As shown in FIG. 3, reference character 60 generally indicates a further modified cleat protector comprising a substantially flat main body portion 62 similar to the body portions 20 and 40. A plurality of longitudinally spaced transversely extending channel members 64 are provided on the outer surface of the body 60 for encasing the cleats 16. The channel members 64 are preferably of a substantially flattened V-shaped cross-sectional configuration as hereinbefore set forth, with a walking surface 66 provided on the flattened outer end of each Vee, as hereinbefore set forth. A first upstanding flap means 66 is provided on the outer periphery of the body 62 in the proximity of the heel 36, with a substantially identical flap means (not shown) being provided on the opposite side of the body 62. Each flap 66 is provided with a suitable gripping element 68 for releasable engagement with a complimentary gripping element (not shown) provided on the outer periphery of the shoe 10. A second upstanding flap means 70 is provided on the outer periphery of the body 62 in the proximity of the toe 34 of the shoe 10, and a substantially identical flap means (not shown) is provided on the opposite side of the body 62. Each flap 70 is provided with suitable gripping elements 72 for releasable engagement with complimentary gripping elements (not shown) provided on the shoe 10.

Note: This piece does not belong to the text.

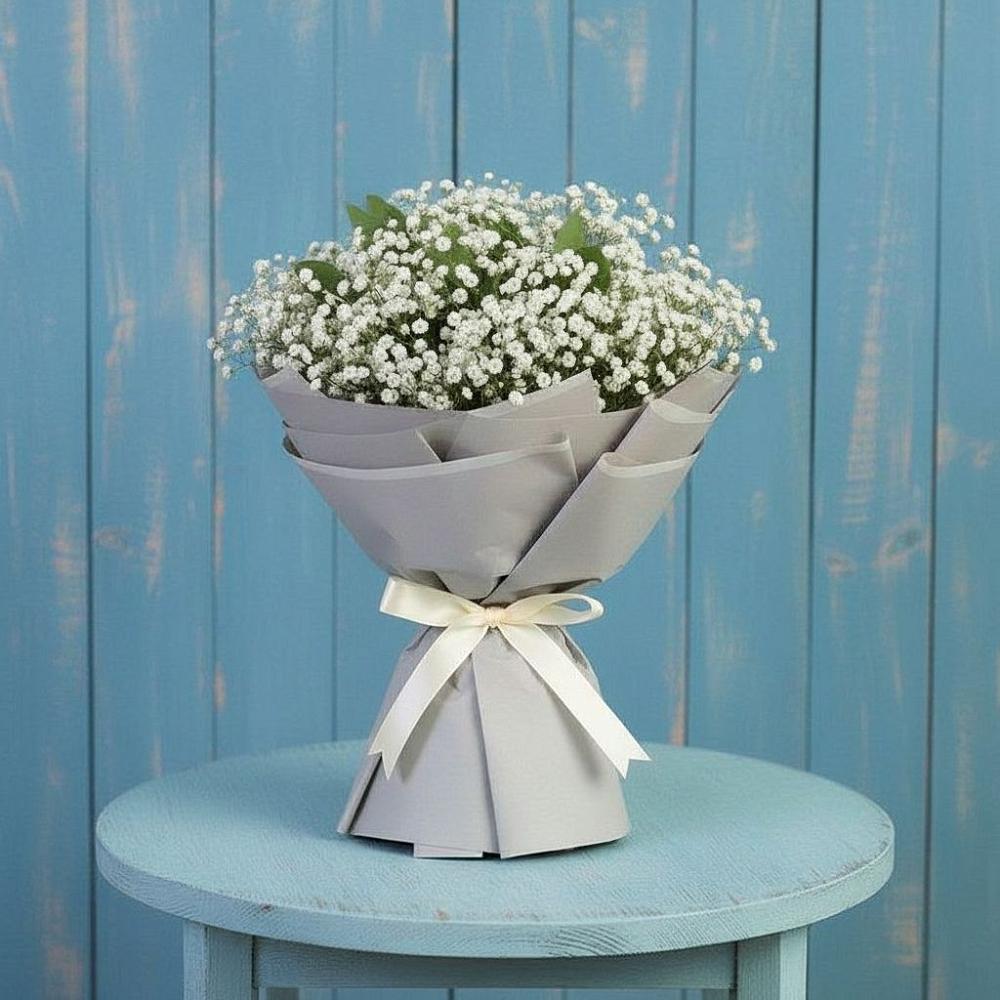 Букет цветов из: Гипсофила в Белогорске Амурской области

In order to install the protector 60 on the shoe 10, the body 62 may be placed adjacent or in the proximity of the outer surface of the sole 14 in such a manner that at least some of the cleats 16 are encased by the channels 64. The flap means 66 on both sides of the body 62 may be snapped together with the respective gripping elements (not shown) of the shoe 10, and the flap means 70 may be similarly "snapped" onto the gripping elements (not shown) of the shoe 10. Of course, the complimentary gripping elements may be disengaged in the usual manner for releasing the protector 60 from engagement with the shoe when desired.
From the foregoing it will be apparent that the present invention provides a novel protector for use with athletic shoes having spikes or cleats provided on the soles thereof. The novel protector comprises a main body means provided with longitudinally spaced transversely extending channel means for encasing at least a portion of the cleats and supporting the sole of the shoe in spaced relation with respect to a walking surface whereby any exposed cleats will be maintained in spaced relation with respect to the walking surface, thus protecting the walking surface from damage due to engagement thereof by the cleats. The protector may be quickly and easily snapped onto the shoe for encasing at least a portion of the cleats and may be quickly and easily removed from engagement with the shoe in order that the shoe may be utilized for its intended purpose.
Whereas the present invention has been described in particular relation to the drawings attached hereto, it should be understood that other and further modification, apart from those shown or suggested herein may be made within the spirit and scope of this invention.